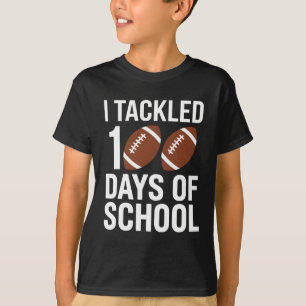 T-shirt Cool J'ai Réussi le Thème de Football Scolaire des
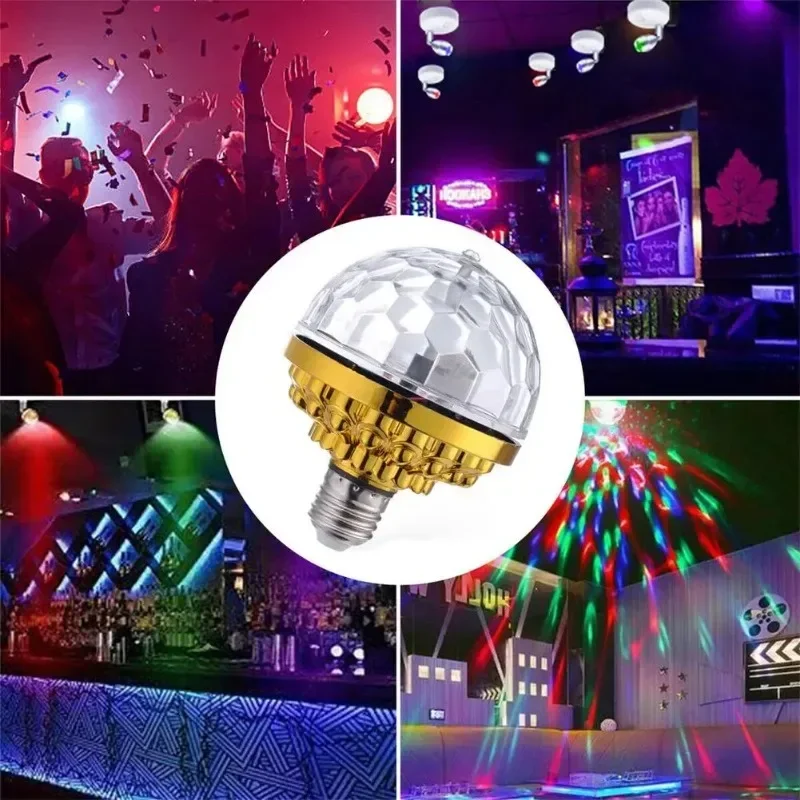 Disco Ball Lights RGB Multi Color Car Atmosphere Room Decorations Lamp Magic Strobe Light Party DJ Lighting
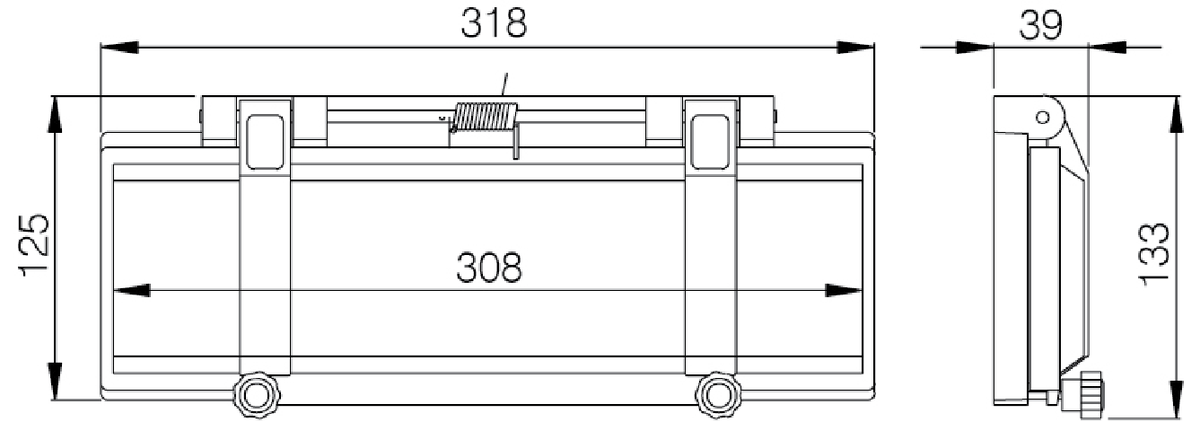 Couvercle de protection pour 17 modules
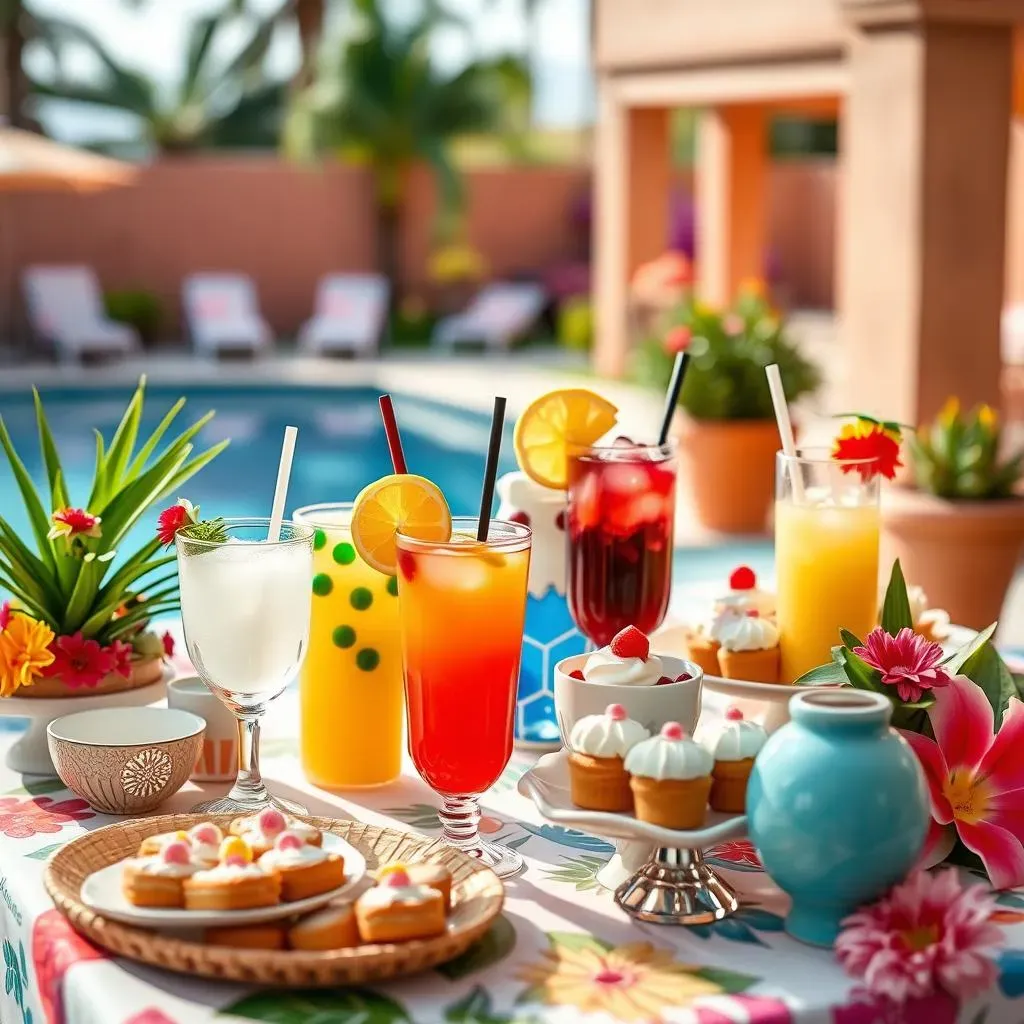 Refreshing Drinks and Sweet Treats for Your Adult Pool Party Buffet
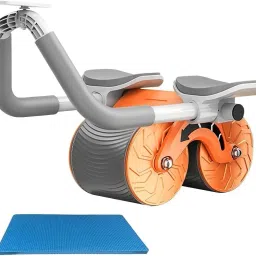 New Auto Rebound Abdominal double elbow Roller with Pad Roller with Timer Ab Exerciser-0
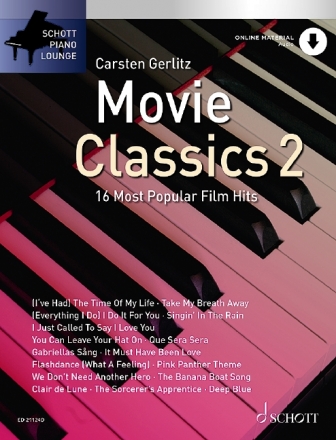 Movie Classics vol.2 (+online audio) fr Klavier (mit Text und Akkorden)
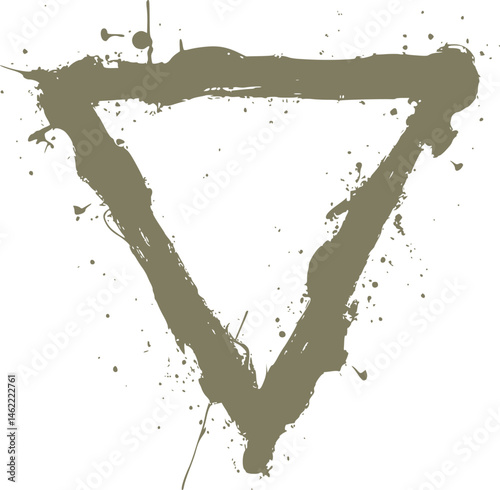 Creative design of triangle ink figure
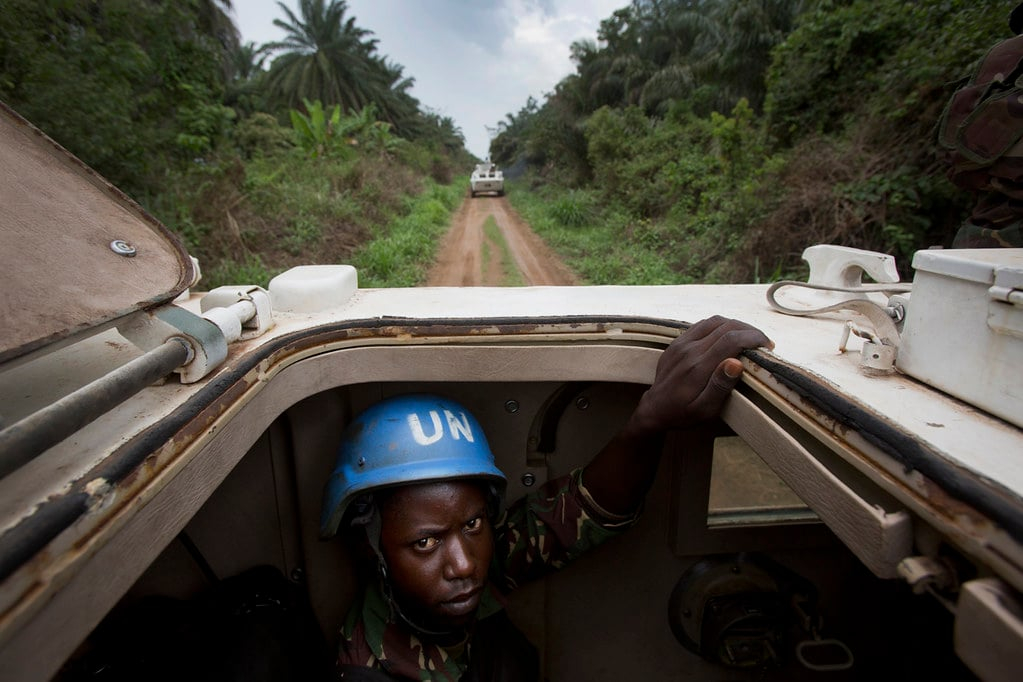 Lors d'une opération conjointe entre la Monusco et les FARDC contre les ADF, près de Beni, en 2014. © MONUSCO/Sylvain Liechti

YOUR GOAL:
What is needed is a word-for-word restatement of the lines from the one holding "Creative design of triangle ink figure" to the final line of the data above, inclusive, without any pictures.

ANSWER TO THIS TASK:
 Creative design of triangle ink figure
 Lors d'une opération conjointe entre la Monusco et les FARDC contre les ADF, près de Beni, en 2014. © MONUSCO/Sylvain Liechti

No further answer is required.